(Source data)
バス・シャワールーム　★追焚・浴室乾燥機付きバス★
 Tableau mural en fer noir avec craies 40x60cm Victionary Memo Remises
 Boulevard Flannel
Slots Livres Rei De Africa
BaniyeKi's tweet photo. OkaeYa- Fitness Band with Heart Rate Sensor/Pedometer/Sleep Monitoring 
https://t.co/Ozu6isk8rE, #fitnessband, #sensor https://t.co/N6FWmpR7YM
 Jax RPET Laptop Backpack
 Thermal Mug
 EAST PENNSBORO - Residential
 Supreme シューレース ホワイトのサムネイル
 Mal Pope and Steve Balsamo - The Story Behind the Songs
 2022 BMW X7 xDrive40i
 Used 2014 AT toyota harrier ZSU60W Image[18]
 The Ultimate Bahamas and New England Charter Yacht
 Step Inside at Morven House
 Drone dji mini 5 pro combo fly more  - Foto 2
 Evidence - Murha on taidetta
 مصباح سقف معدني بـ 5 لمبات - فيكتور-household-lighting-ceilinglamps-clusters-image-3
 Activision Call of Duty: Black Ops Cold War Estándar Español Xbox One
(End Source data)
* What is being asked
Your answer should consist only of the lines from the one with "مصباح سقف معدني" through the end of the data above, reproduced exactly.

* Output of the task
 مصباح سقف معدني بـ 5 لمبات - فيكتور-household-lighting-ceilinglamps-clusters-image-3
 Activision Call of Duty: Black Ops Cold War Estándar Español Xbox One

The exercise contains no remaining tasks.